---------- Data section ----------

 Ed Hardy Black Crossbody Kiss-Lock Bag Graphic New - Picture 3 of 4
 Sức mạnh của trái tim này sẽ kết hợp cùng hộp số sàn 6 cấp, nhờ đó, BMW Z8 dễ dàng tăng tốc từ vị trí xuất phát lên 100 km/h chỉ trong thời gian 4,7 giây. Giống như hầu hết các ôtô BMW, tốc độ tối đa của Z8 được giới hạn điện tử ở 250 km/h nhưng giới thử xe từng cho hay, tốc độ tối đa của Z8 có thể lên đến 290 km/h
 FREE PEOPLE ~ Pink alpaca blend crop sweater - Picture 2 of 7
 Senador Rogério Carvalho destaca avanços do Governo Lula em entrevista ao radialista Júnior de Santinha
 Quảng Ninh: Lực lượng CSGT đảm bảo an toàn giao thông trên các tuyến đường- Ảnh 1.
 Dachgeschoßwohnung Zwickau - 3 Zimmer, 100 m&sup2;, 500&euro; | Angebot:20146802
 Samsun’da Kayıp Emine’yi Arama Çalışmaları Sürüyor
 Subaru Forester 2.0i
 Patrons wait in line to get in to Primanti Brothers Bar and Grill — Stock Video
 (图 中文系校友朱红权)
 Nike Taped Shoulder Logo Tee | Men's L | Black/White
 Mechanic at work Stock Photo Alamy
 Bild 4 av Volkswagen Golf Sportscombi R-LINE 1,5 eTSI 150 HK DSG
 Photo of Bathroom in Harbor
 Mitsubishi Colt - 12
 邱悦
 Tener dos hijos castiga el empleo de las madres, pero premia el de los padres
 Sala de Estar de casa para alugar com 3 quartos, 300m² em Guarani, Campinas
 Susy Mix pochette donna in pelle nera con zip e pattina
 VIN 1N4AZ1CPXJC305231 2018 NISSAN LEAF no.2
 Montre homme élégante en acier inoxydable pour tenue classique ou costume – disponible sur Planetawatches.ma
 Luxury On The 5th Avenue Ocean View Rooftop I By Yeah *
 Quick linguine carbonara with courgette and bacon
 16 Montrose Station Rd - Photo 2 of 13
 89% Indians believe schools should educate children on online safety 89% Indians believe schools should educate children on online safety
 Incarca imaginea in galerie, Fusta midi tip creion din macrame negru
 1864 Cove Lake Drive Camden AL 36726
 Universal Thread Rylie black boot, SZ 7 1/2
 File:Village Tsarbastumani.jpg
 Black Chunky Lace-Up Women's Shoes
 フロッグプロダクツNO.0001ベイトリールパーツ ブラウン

----------

*Work item*.
The data above must be repeated in its entirety, exactly as given.

*Output of the exercise*.
 Ed Hardy Black Crossbody Kiss-Lock Bag Graphic New - Picture 3 of 4
 Sức mạnh của trái tim này sẽ kết hợp cùng hộp số sàn 6 cấp, nhờ đó, BMW Z8 dễ dàng tăng tốc từ vị trí xuất phát lên 100 km/h chỉ trong thời gian 4,7 giây. Giống như hầu hết các ôtô BMW, tốc độ tối đa của Z8 được giới hạn điện tử ở 250 km/h nhưng giới thử xe từng cho hay, tốc độ tối đa của Z8 có thể lên đến 290 km/h
 FREE PEOPLE ~ Pink alpaca blend crop sweater - Picture 2 of 7
 Senador Rogério Carvalho destaca avanços do Governo Lula em entrevista ao radialista Júnior de Santinha
 Quảng Ninh: Lực lượng CSGT đảm bảo an toàn giao thông trên các tuyến đường- Ảnh 1.
 Dachgeschoßwohnung Zwickau - 3 Zimmer, 100 m&sup2;, 500&euro; | Angebot:20146802
 Samsun’da Kayıp Emine’yi Arama Çalışmaları Sürüyor
 Subaru Forester 2.0i
 Patrons wait in line to get in to Primanti Brothers Bar and Grill — Stock Video
 (图 中文系校友朱红权)
 Nike Taped Shoulder Logo Tee | Men's L | Black/White
 Mechanic at work Stock Photo Alamy
 Bild 4 av Volkswagen Golf Sportscombi R-LINE 1,5 eTSI 150 HK DSG
 Photo of Bathroom in Harbor
 Mitsubishi Colt - 12
 邱悦
 Tener dos hijos castiga el empleo de las madres, pero premia el de los padres
 Sala de Estar de casa para alugar com 3 quartos, 300m² em Guarani, Campinas
 Susy Mix pochette donna in pelle nera con zip e pattina
 VIN 1N4AZ1CPXJC305231 2018 NISSAN LEAF no.2
 Montre homme élégante en acier inoxydable pour tenue classique ou costume – disponible sur Planetawatches.ma
 Luxury On The 5th Avenue Ocean View Rooftop I By Yeah *
 Quick linguine carbonara with courgette and bacon
 16 Montrose Station Rd - Photo 2 of 13
 89% Indians believe schools should educate children on online safety 89% Indians believe schools should educate children on online safety
 Incarca imaginea in galerie, Fusta midi tip creion din macrame negru
 1864 Cove Lake Drive Camden AL 36726
 Universal Thread Rylie black boot, SZ 7 1/2
 File:Village Tsarbastumani.jpg
 Black Chunky Lace-Up Women's Shoes
 フロッグプロダクツNO.0001ベイトリールパーツ ブラウン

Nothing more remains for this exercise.